The fatter the dipole gets the lower the
resonant frequency becomes. In other words,
if an antenna is to resonate at 100 MHz, the
resonant length decreases as the dipole gets
fatter.
Monopole Antenna


Monopoles are half the size of their dipole
counterparts, and hence are attractive when
a smaller antenna is needed.
Uses Image Theory.
Folded Dipole


The folded dipole is resonant and radiates
well at odd integer multiples of a halfwavelength (0.5 , 1.5 , ...).
The radiation pattern of half-wavelength
folded dipoles have the same form as that of
half-wavelength dipoles.
Small Loop Antenna

The small loop antenna is a closed loop.
These antennas have low radiation resistance
and high reactance, so that their impedance
is difficult to match to a transmitter. As a
result, these antennas are most often used as
receive antennas, where impedance
mismatch loss can be tolerated.
Microstrip Antenna

Microstrip or patch antennas are becoming
increasingly useful because they can be printed
directly onto a circuit board. They are becoming very
widespread within the mobile phone market. They
are low cost, have a low profile and are easily
fabricated.
Parabolic Reflector (Dish Antenna)



All rays emanating from the focal
point (the source or feed antenna)
will be reflected towards the same
direction.
The distance each ray travels from
the focal point to the reflector and
then to the focal plane is constant.
As a result of these observations, it follows the distribution of
the field on the focal plane will be in phase and travelling in the
same direction.

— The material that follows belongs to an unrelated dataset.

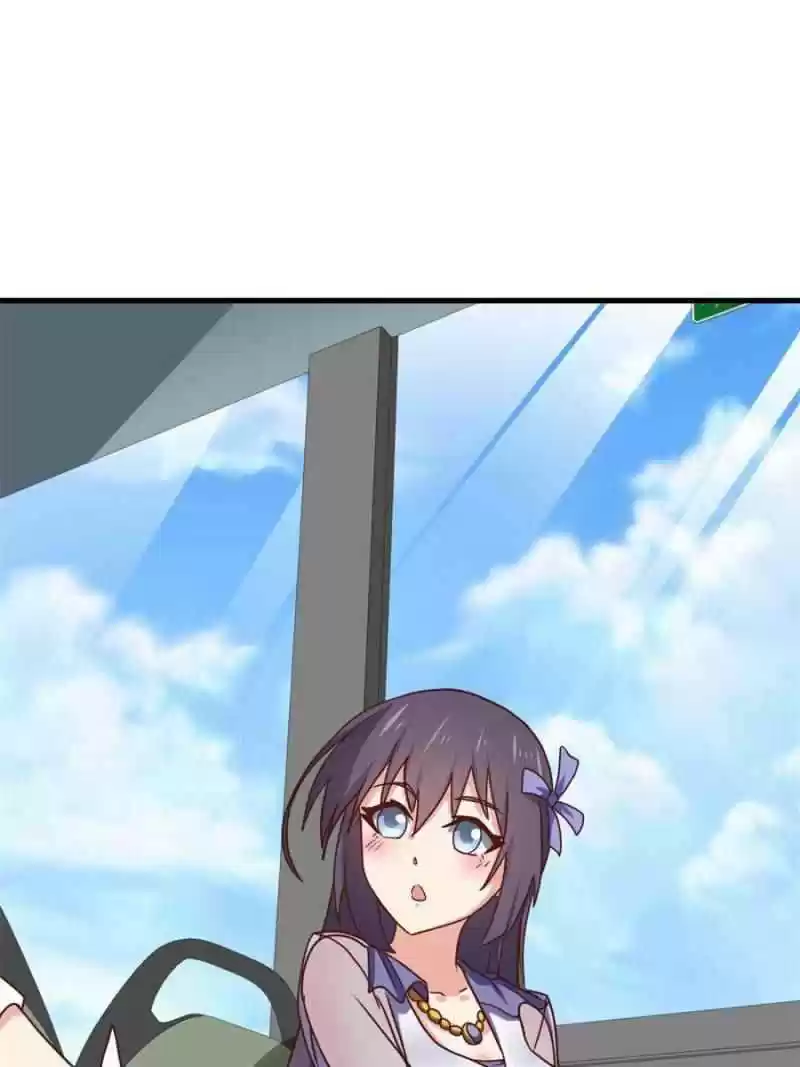 Dragon King’S Son-In-Law Chapter 82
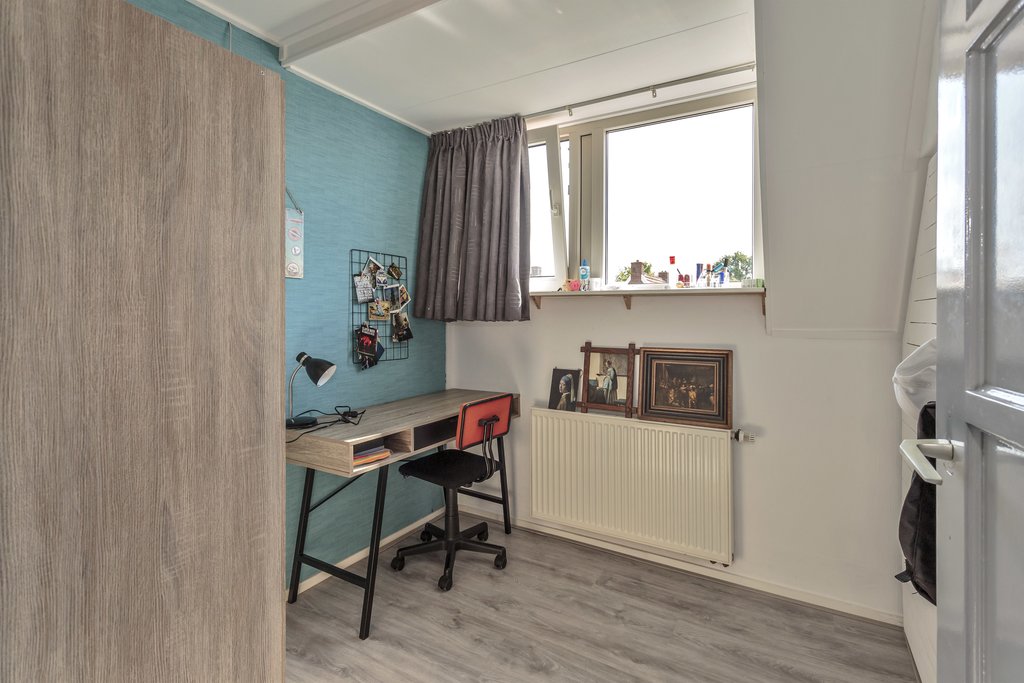 Taeke Schuilengalaan 41 Surhuisterveen - Afbeelding 22.jpg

This gives rise to the parabolic dish antenna,s
highly directional radiation pattern. This is why the shape of the
dish is parabolic.
Helical Antenna

The helix is a travelling wave antenna, which
means the current travels along the antenna and the
phase varies continuously.
Yagi – Uda Antenna


It is simple to construct and has a high gain, typically
greater than 10 dB. These antennas typically operate
in the HF to UHF bands (about 3 MHz to 3 GHz),
although their bandwidth is typically small, on the
order of a few percent of the center frequency.
Is an End-Fire Array.
Slot Antenna


Slot antennas are used typically at frequencies between 300
MHz and 24 GHz. These antennas are popular because they can
be cut out of whatever surface they are to be mounted on, and
have radiation patterns that are roughly omnidirectional (similar
to a linear wire antenna, as we'll see). The polarization is linear.

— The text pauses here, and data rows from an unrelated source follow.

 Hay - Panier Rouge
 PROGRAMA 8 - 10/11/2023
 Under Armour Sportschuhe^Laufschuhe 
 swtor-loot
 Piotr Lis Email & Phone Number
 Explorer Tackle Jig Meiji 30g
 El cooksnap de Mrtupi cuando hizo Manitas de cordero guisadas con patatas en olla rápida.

The slot size, shape and what is behind it (the cavity) offer
design variables that can be used to tune performance.
Ideal for Array.
Horn Antenna


Horn antennas are very popular at UHF (300 MHz-3 GHz) and
higher frequencies.They often have a directional radiation
pattern with a high gain , which can range up to 25 dB in some
cases, with 10-20 dB being typical.
The gain often increases (and the beamwidth decreases) as the
frequency of operation is increased. Horns have very little loss,
so the directivity of a horn is roughly equal to its gain.